Magazines #48: US Weekly (April 25, 1983)

A great time capsule with TV reviews, swimsuits, an article on The Evil Dead, the top ten songs and movies of the day, and a slew of entertainment miscellany from the Grand Old Year of Nineteen Hundred and Eighty-Three.  Enjoy.

Okay, "Smash Hit" is not a good name for a child abuse charity campaign.

A couple of the Letters stuck out to me.  First, do you find it odd that Wendy O. Williams was on the previous cover of US... and that she's writing to US Weekly?  Very strange.

Second: "It's about time someone noticed this fine talent".... Mel Gibson.

I watched MTV religiously during this time period, and I don't remember "Walk This Way" being offered in 3-D.

As a horror fan, I find it amazing that this low budget flick gets positive attention in US Weekly.  When you consider that Evil Dead was basically illegal in England (it landed on the "Video Nasties" list), it's remarkable that Sam Raimi gets a promotion in a mainstream entertainment rag.
His work is a horror— and moviegoers love it
Zombies. Demons. Dismember­ment. Chain saws. Possessed stu­dents wild in the woods. Yipes!
If you liked Night of the Liv­ing Dead, you'll love The Evil Dead, a low-budget film written and directed by Detroit's Sam Raimi. "My parents wouldn't let me watch horror films as a kid because they thought I'd get nightmares. So I made a horror film to give people nightmares," says Raimi, 23.
A filmmaker at 13, when he used the family video camera, Raimi got the idea for Evil Dead while he was a literature major at Michigan State. With friends Robert Tapert and Bruce Campbell, he made a short called Within the Woods and used it to raise pro­duction money for Evil Dead. "We got everybody in Detroit to invest," says Raimi. "Doctors, lawyers, contractors. Plus we worked as busboys and cabdrivers to pay our lawyers.
"We couldn't afford to rent a Steadicam, so we invented the Shaky-cam," he explains. "That's a 15-inch piece of two-by-four with the camera strapped in the middle. Two people just pick it up and run like hell."
Evil Dead's future is very much alive. The film first curdled audiences' blood at last year's Cannes Film Festival, where it was a sleeper hit. It even scared the daylights out of scare novelist Stephen King, who called it "the most ferociously original horror film of the year."
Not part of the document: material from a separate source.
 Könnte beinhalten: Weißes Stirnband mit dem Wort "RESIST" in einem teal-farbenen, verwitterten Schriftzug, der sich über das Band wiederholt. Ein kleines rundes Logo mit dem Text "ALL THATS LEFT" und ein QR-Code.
Other horror fans will note the influence of masters George Romero and H.P. Lovecraft in Evil Dead's outrageous plot and grisly special effects. Says Raimi, "You always hear directors say it's better to leave horror to the audi­ence's imagination, but I can imagine some pretty horrible stuff. So why not show it?" —James Verniere

Damn, I'm old.  I remember all this like it was yesterday, and it's over thirty years ago.  The magazine points out that Letterman turns 36, and now he's old and retired.
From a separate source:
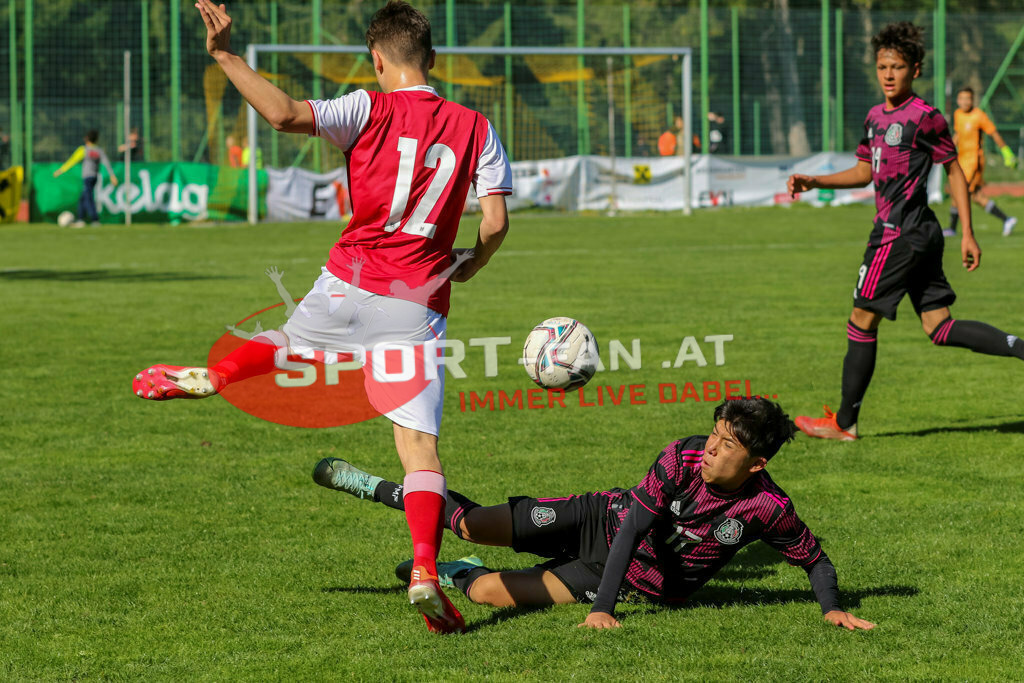 AUSTRIA U15 - MEXICO U15 | ILIA IVANSCHITZ (Austria #12) Juan Velarde (Mexico #17) Ocelotl Liberos (Mexico #14) ; AUSTRIA U15 - MEXICO U15 am 29.04.2022 in Arnoldstein
(Sportplatz), AUSTRIA, (Photo by Ernst Krawagner sport-fan.at) - Realisiert mit Pictrs.com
Anyway, check out the mixed bag of films playing at your local cineplex...
1. Tootsie (Columbia) Dustin Hoffman's anything but a drag in this satirical comedy.
2. Gandhi (Columbia) India's legendary holy man receives the epic treatment.
3. 48 Hrs. (Paramount) Nick Nolte and Eddie Murphy mix macho may­hem with laughs.
4. The Lords of Discipline (Paramount) David Keith is back in uniform as a military cadet.
5. Vigilante (Film Ven­tures) Lurid variation on Death Wish violence.
6. Lovesick (Ladd) Dudley Moore's no shrinking violet with Elizabeth McGovern.
7. Sophie's Choice (Uni-versal/AFD) Meryl Streep as William Styron's doomed heroine.
8. The Verdict (20th Century-Fox) Paul New­man's road from barroom to courtroom.
9. E. T. The Extra-Terrestrial (Universal) Steven Spielberg traces a boy's friendship with an alien.
10. The Year of Living Dangerously (MGM/UA) Mel Gibson's in hot water in Indonesia.
And here's the top records...
1. Thriller, Michael Jack­son (Epic)
2. Business as Usual, Men at Work (Columbia)
3. Frontiers, Journey (Columbia)
4. H20, Daryl Hall & John Oates (RCA)
5. The Distance, Bob Seger & the Silver Bullet Band (Capitol)
6. Lionel Richie, Lionel Richie (Motown)
7. Rio, Duran Duran (Harvest)
8. Built for Speed, Stray Cats (EMI-America)
9. IV, Toto (Columbia)
10. Another Page, Christopher Cross (Warner Bros.)

As a guy, I can't say as I recall the Dial-a-Lash.  Anyone remember this?

Act now! You only have until Midnight, May 31st to get your Computer Telephone!

TV Reviews
"One new addition that seems destined for a longer run, thanks to good ratings, is NBC's The A Team, the show that every week asks the question: Will Mr. T finally disembowel someone with his teeth?"
Say what?  What a strange and macabre thing to say.

There's a lot to criticize in this season's lineup.  The reviewer rightly bashes Aaron Spelling's first try at a sitcom "At Ease".  Then there's Tim Conway's awful attempt at continuing his success from The Carol Burnett Show in Ace Crawford, Private Eye,  where he "bumbles through a morass of blindman jokes, midget jokes, gay jokes, sometimes even funny jokes:"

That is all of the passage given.